Evaluate the value of the business.
You’re probably going to need a professional to help you do this. You’ll need to have them look over the business’s financials. That means they’ll look over the expenses, how much they’re bringing in, and all that money stuff. You need to know how much money the business is making so you can make an educated offer for the business.
It’s possible that you can do all of this yourself if you have the skills. You’ll have to factor in how much the location of the business is worth and all the equipment. If you’re dealing with a business with a lot of moving pieces, there will be quite a bit of stuff that you’ll need to factor in to determine its value.
Perform thorough market research
Market research is key to determining where you think the business is headed in the future. It also gives you insight as to what you can expect in the near future. If you’re buying a franchise that is currently on a downswing, it’s probably safe to say that the trend downward will continue.
Researching the market also means you need to take a look at your competitors. See how well they’re doing, and try to determine how long they’ve been in business. It doesn’t hurt to take a stroll in their business and have a look around to determine the health of the business. If you’re thinking about buying a coffee shop, go to your competitors, have a cup, and pay close attention to how many customers they get and what the average order size is. All of this information will be useful to help you understand what type of market you’re getting into.
Have a number in mind before you begin negotiating
You don’t want to plop down at the negotiating table without an amount in mind that you’re willing to pay for the business. When you buy a small business, it’s important that you have a number that you can work with, or the owner will try to take advantage of you.

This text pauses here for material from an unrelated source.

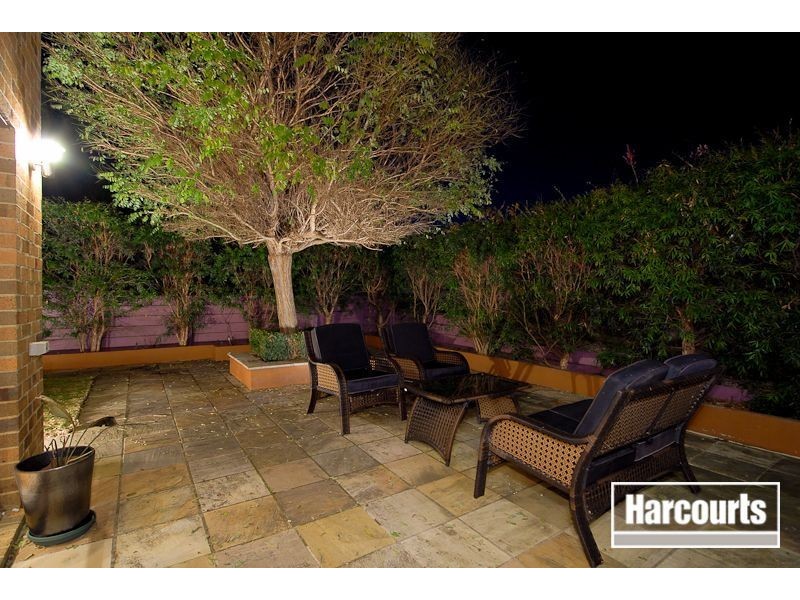 9 Toptani Drive, Narre Warren South VIC 3805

If you know the business is worth half a million dollars, you don’t start off with that amount because the owner is going to go above that. The amount you begin with should be around four hundred thousand dollars or a tad lower, so you have a way to work it up.

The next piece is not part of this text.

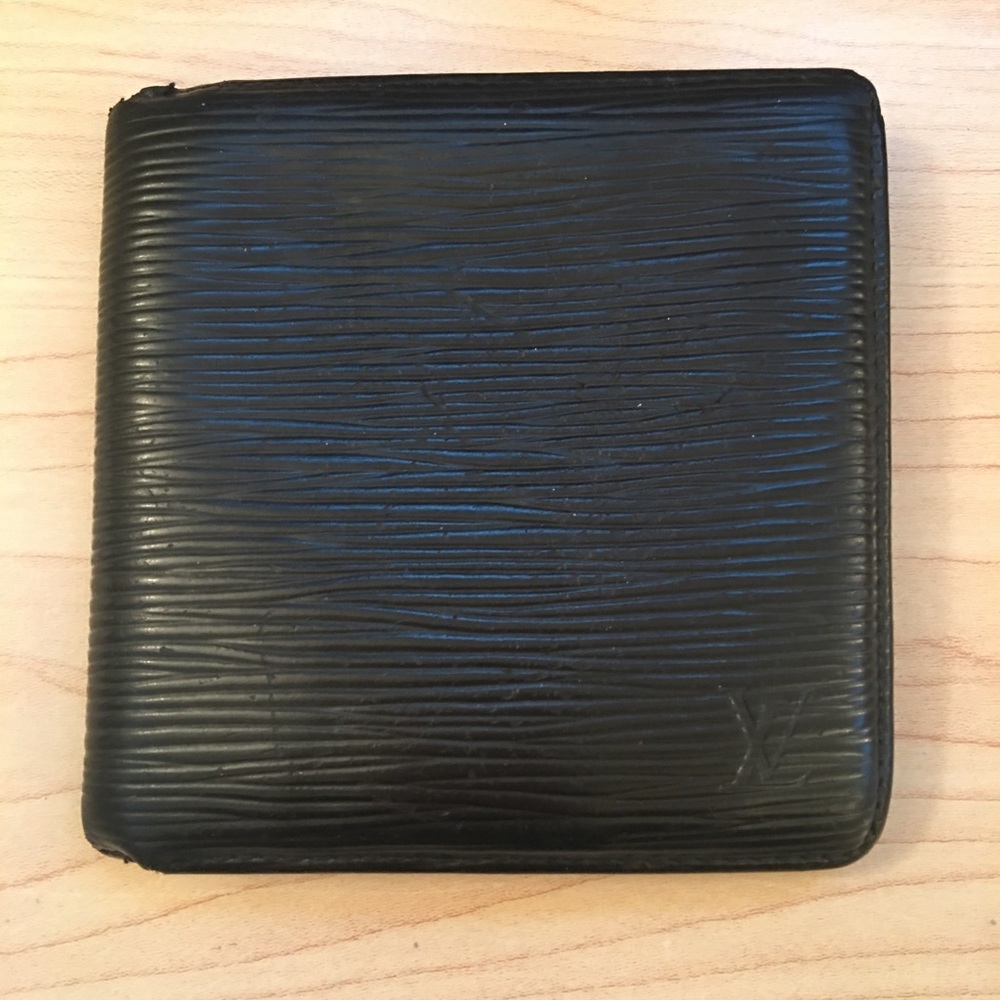Louis Vuitton Men’s Epi Black Wallet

Meeting someone in the middle makes both parties feel good, and that’s what you’re trying to achieve. Even though you’re willing to pay half a million dollars, you don’t start with that amount because you’ll end up paying much more. The owner will then go down to three-quarters of a million dollars, and you’ll have to dance around that number until you settle for something closer to what you want. Start low, work your way up, and you can end up paying a price that doesn’t make you pucker up like you’ve just eaten a lemon.
Come to terms with the deal after you’ve determined the price
The terms refer to how you’re going to pay for the business. Are you going to make payments? Maybe you’ll pay it all at one time, and that will be it. It’s entirely possible that the owner of the business will allow you to make the payments until you’re clear. Don’t count on such a deal because a lot of business owners want to settle the deal and get it over with.

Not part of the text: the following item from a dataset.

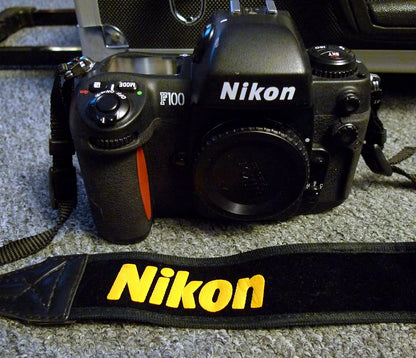 Nikon F100 35mm SLR Film Camera Body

The terms will also include when you take over the business. You’ll need a little bit of a transition time so that you’re able to work out the kinks before they completely hand over the keys to you. If you’re buying a retail establishment, you’ll need to learn how to operate things like the cash register and any other equipment that’s necessary to run the business.
Conclusion
Don’t get screwed. That’s being a little blunt, but it’s easy to get screwed when you’re buying a small business. If the seller isn’t willing to come down to the price you want to pay, walk away from the deal. Don’t pay more for a business than what it’s worth just because you love the place. You’re in this to be profitable, not to own a business that’s going to bleed you dry.